### TASK DESCRIPTION
Please restate, exactly as they appear, only the lines from the one that contains "Thumbnail: Utter HEARTBREAK In The Isle😭" to the final line of the entries, with no pictures.

### RECORDS SHOWN

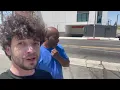 Buying A Car Off Craigslist In Watts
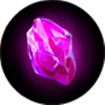 紫水晶
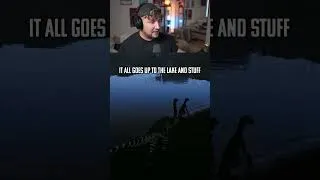 Thumbnail: Utter HEARTBREAK In The Isle😭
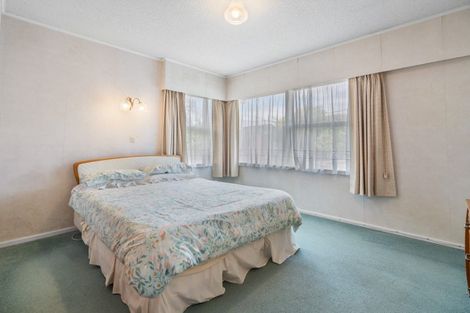 Photo of property in 10 Bowen Place, St Andrews, Hamilton, 3200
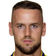 Alexander Milosevic avatar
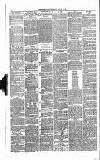 Western Gazette Friday 14 January 1876 Page 6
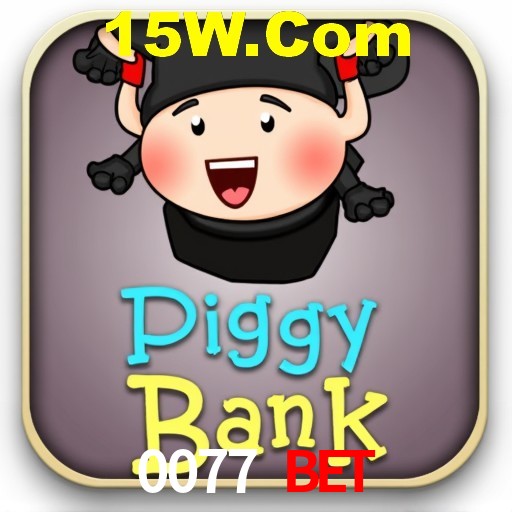 Jogos Exclusivos 0077 Bet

### SOLUTION TO THE EXERCISE
 Thumbnail: Utter HEARTBREAK In The Isle😭
 Photo of property in 10 Bowen Place, St Andrews, Hamilton, 3200
 Alexander Milosevic avatar
 Western Gazette Friday 14 January 1876 Page 6
 Jogos Exclusivos 0077 Bet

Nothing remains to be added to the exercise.